## Problem to solve
Reproduce the records word for word, leaving out any pictures they hold.

==== Records shown

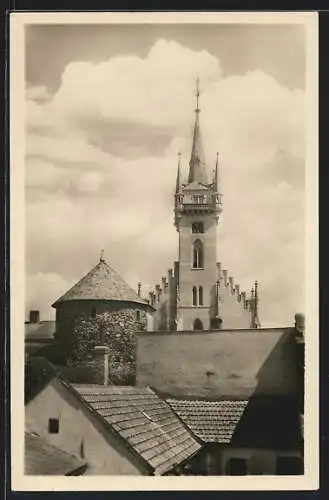 AK Policka, Blick über Dächer zur Kirche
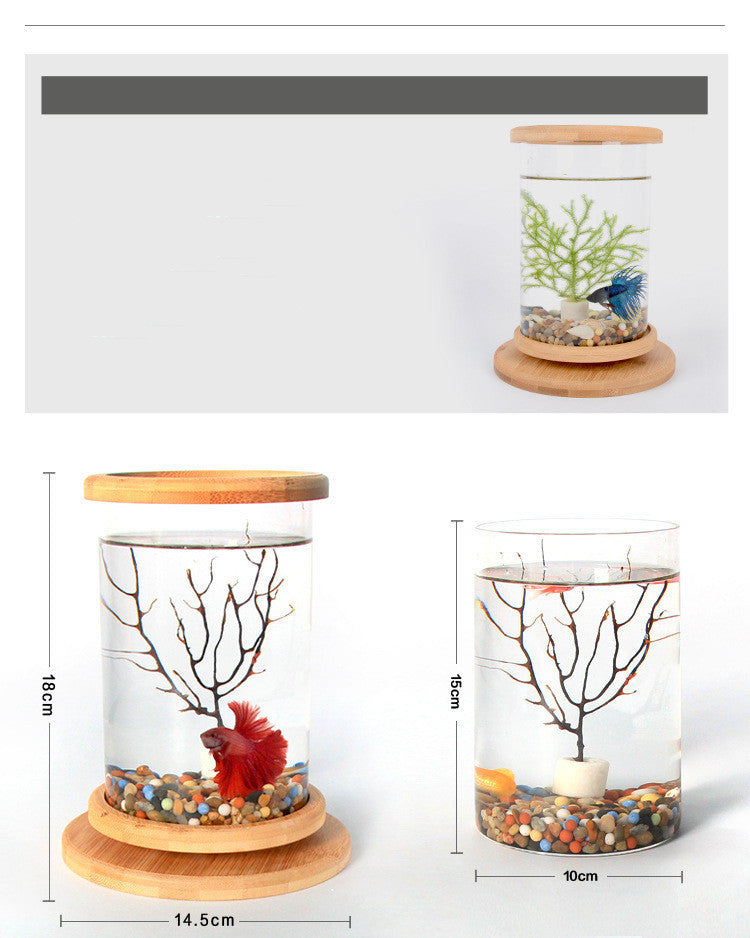 Transform Your Workspace with the Small Office Glass Aquarium Bamboo Base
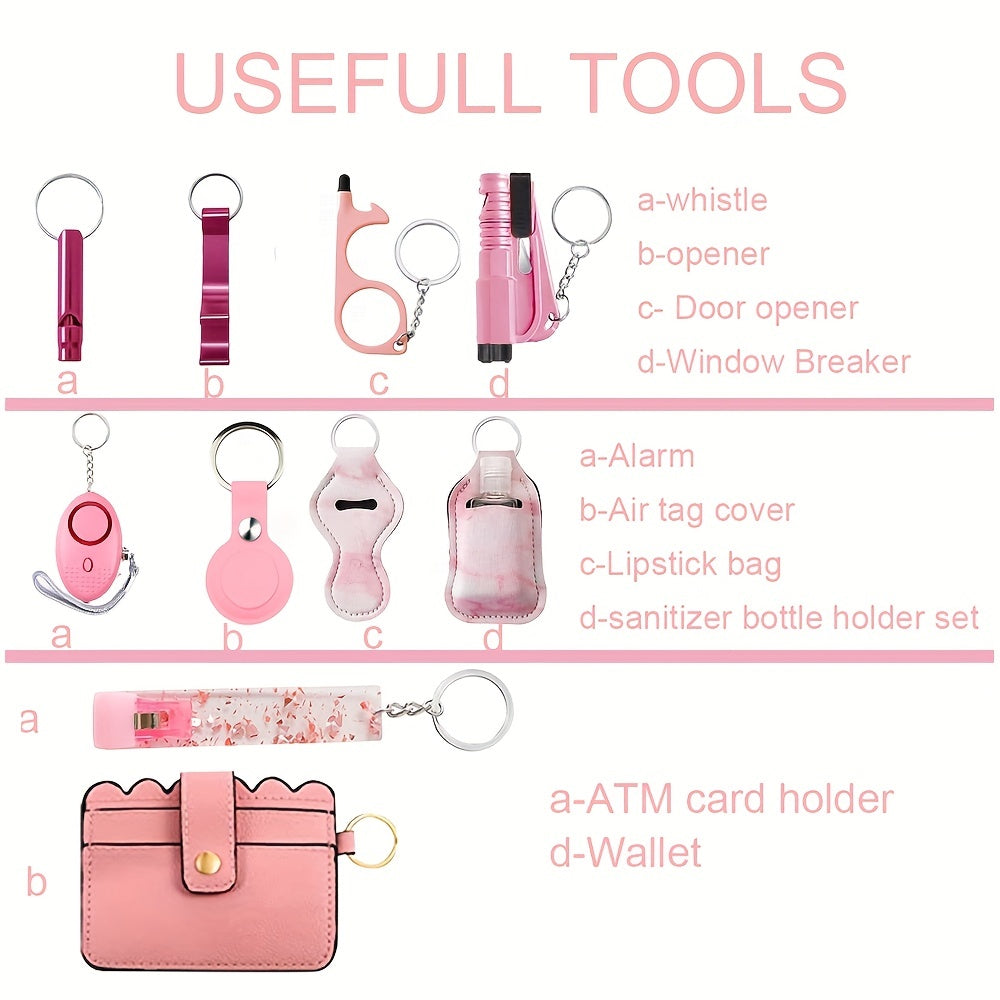 17pcs Women'S Safety Keychain Set with Personal Alarm, Friendship Love Theme, Oblong Shape, Snap Hook Closure, Floating Feature, Button Battery Included, Ideal Holiday Gift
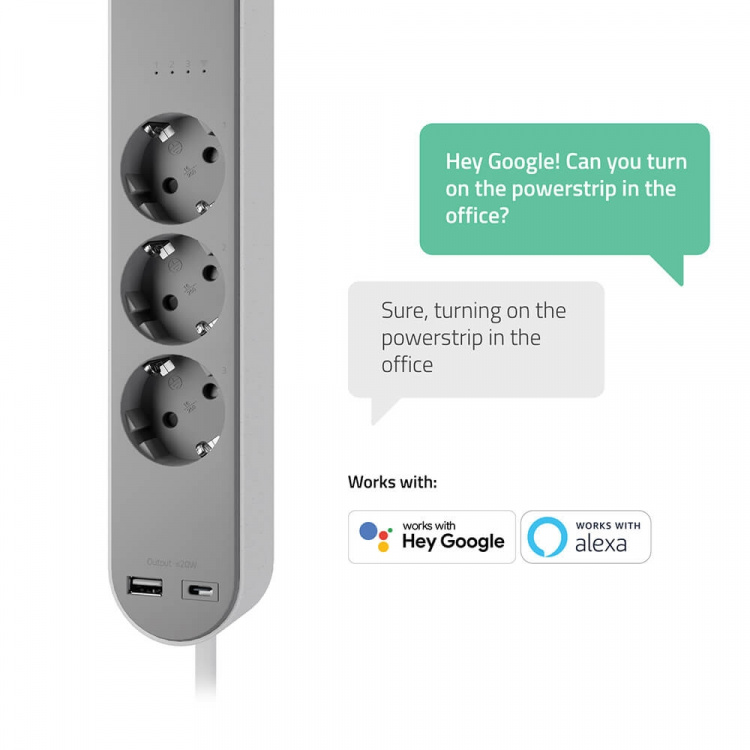 Hombli Smart Power Strip 3-way Grey USB-C & USB-A Hombli Smart Power Strip 3-way Grey USB-C & USB-A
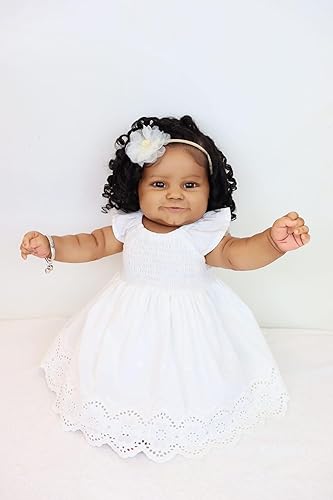 Miniatura 3 de Pinky - Muñecas de bebé recién nacidas realistas de 24 pulgadas, 23.6 in, de silicona, de vinilo, piel negra, afroamericanas, de la vida real,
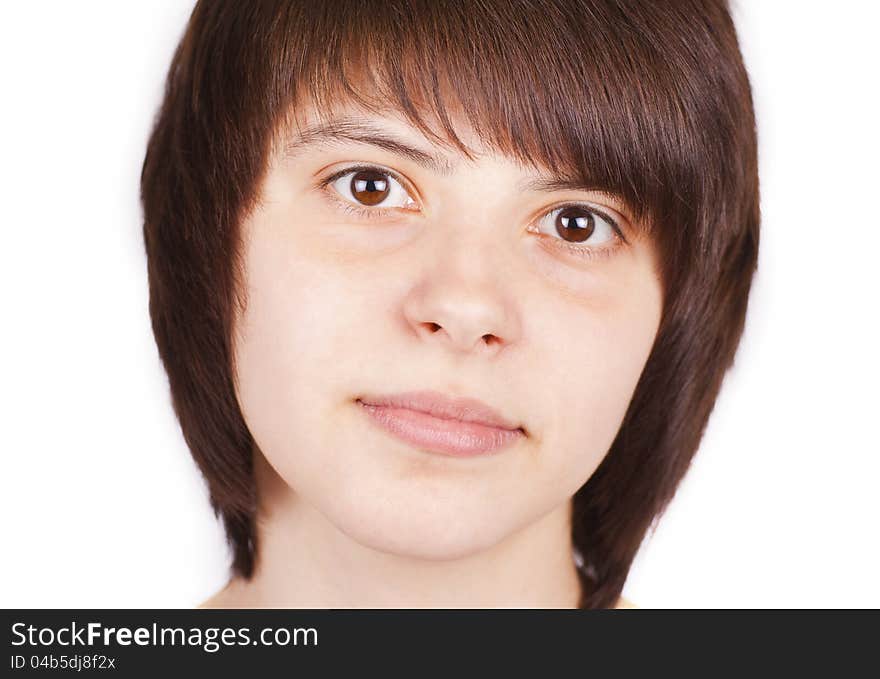 Macro young cute woman, isolated on white background, close up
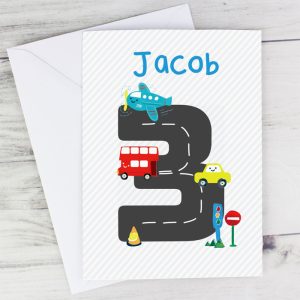 Boy's Personalised Vehicles Birthday Card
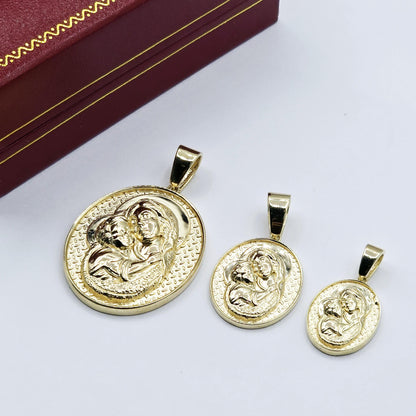 Textured Virgin Mary and Baby Jesus Medallion Pendant, 10K Yellow Gold Pendant, Christmas Religious Gifts, Mother Mary and Jesus Pendant
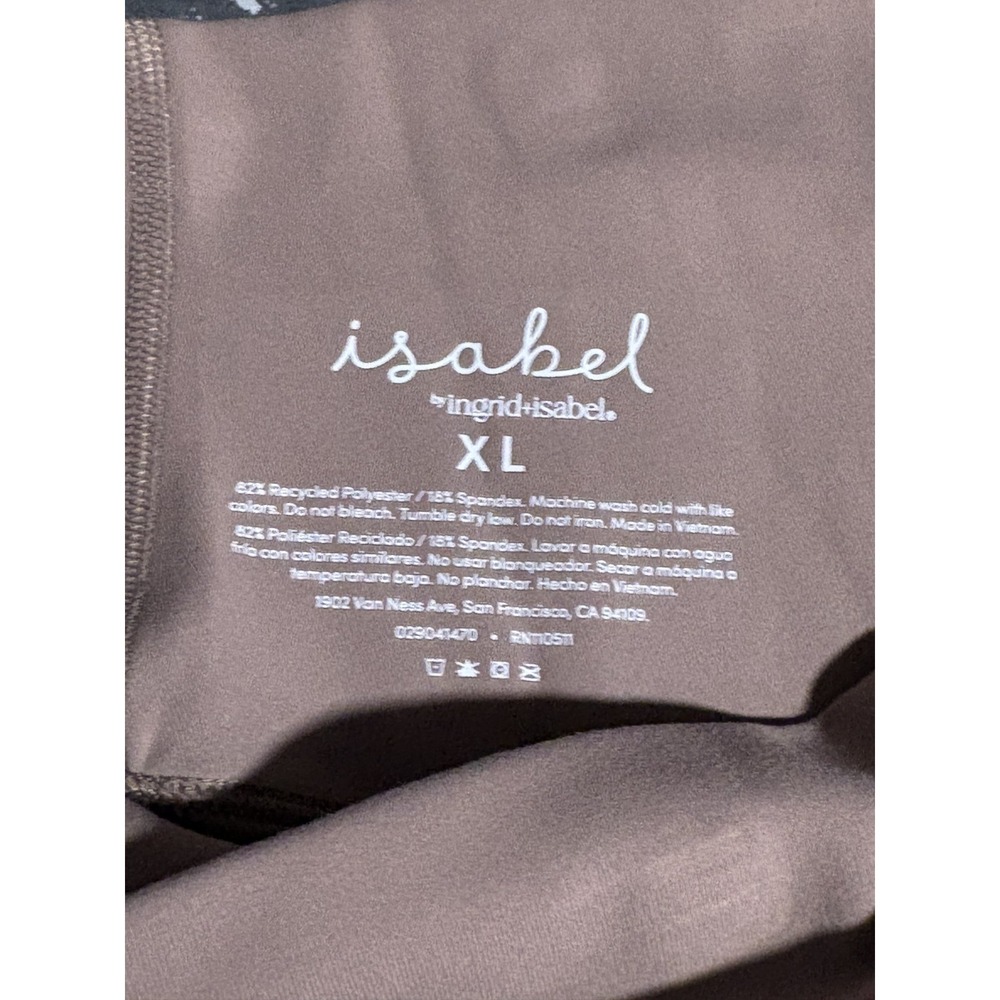 Ingrid & Isabel Maternity High Rise Over Belly Active Bike Shorts Taupe Size XL - Picture 3 of 5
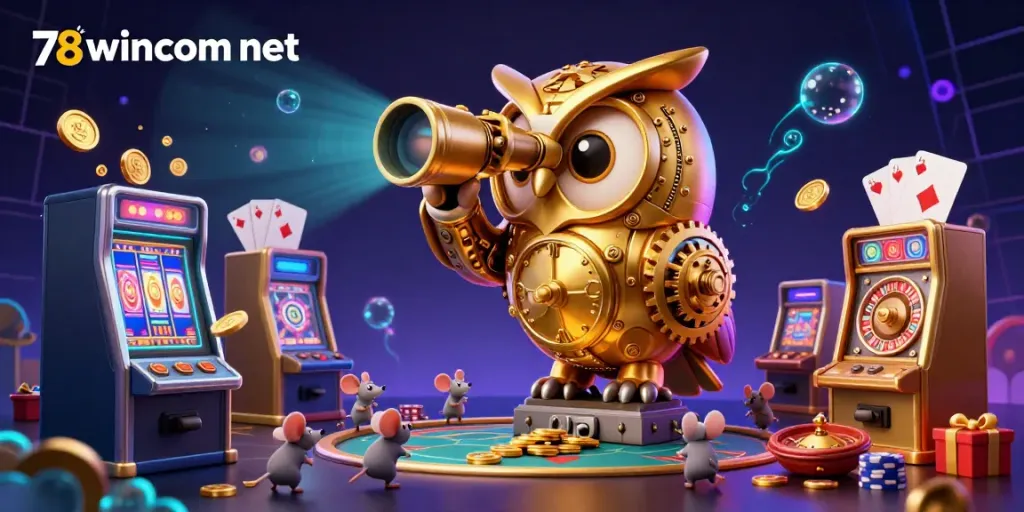 Engage with thrilling slots at 78wincom net; a 3D owl oversees animated casino action.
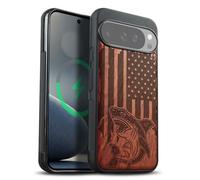 Carveit Magnétique Coque pour Google Pixel 10 Pro XL Étui Bois [Pare-Chocs en TPU Souple] Case de Téléphone Compatible Magsafe Pixel 10 Pro XL Coque (Rosé-Attaque de Requin Patriotique)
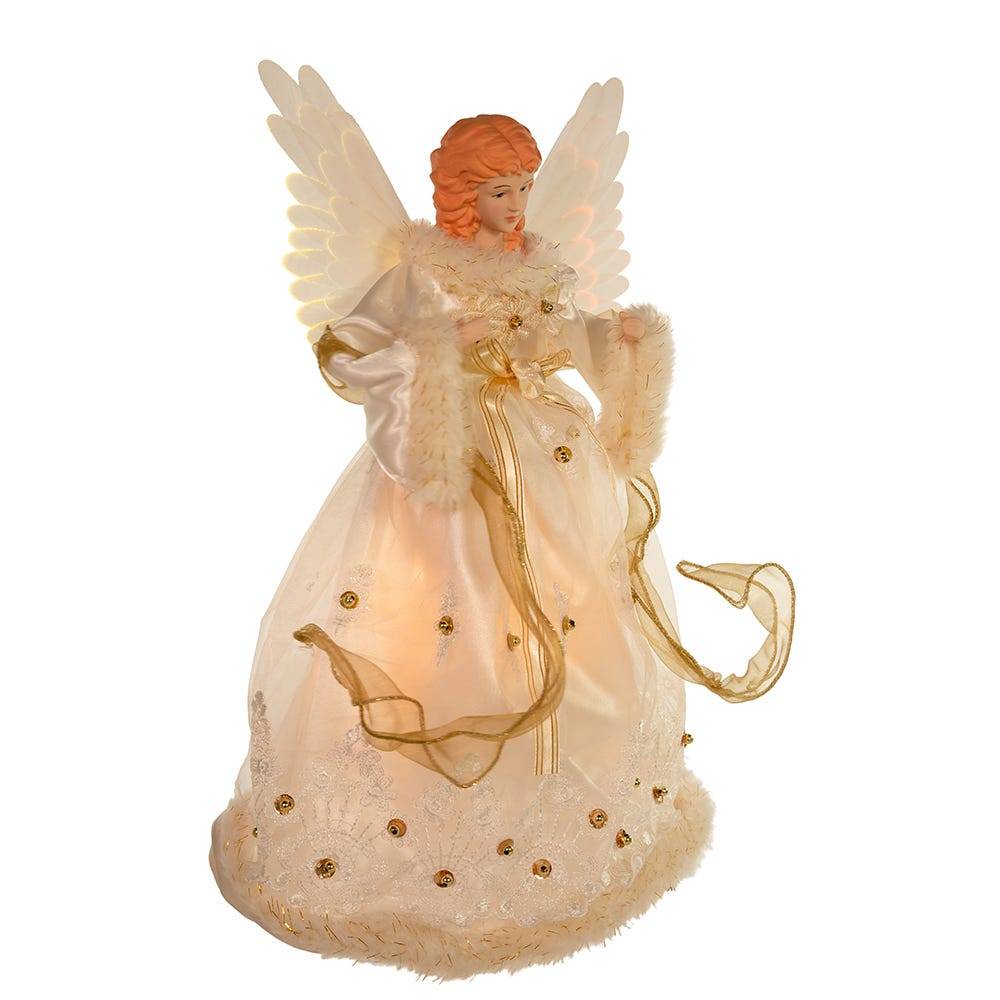 Kurt Adler 14-Inch Ivory and Gold Fiber Optic Animated Angel Treetop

========

## Task response
 AK Policka, Blick über Dächer zur Kirche
 Transform Your Workspace with the Small Office Glass Aquarium Bamboo Base
 17pcs Women'S Safety Keychain Set with Personal Alarm, Friendship Love Theme, Oblong Shape, Snap Hook Closure, Floating Feature, Button Battery Included, Ideal Holiday Gift
 Hombli Smart Power Strip 3-way Grey USB-C & USB-A Hombli Smart Power Strip 3-way Grey USB-C & USB-A
 Miniatura 3 de Pinky - Muñecas de bebé recién nacidas realistas de 24 pulgadas, 23.6 in, de silicona, de vinilo, piel negra, afroamericanas, de la vida real,
 Macro young cute woman, isolated on white background, close up
 Boy's Personalised Vehicles Birthday Card
 Textured Virgin Mary and Baby Jesus Medallion Pendant, 10K Yellow Gold Pendant, Christmas Religious Gifts, Mother Mary and Jesus Pendant
 Ingrid & Isabel Maternity High Rise Over Belly Active Bike Shorts Taupe Size XL - Picture 3 of 5
 Engage with thrilling slots at 78wincom net; a 3D owl oversees animated casino action.
 Carveit Magnétique Coque pour Google Pixel 10 Pro XL Étui Bois [Pare-Chocs en TPU Souple] Case de Téléphone Compatible Magsafe Pixel 10 Pro XL Coque (Rosé-Attaque de Requin Patriotique)
 Kurt Adler 14-Inch Ivory and Gold Fiber Optic Animated Angel Treetop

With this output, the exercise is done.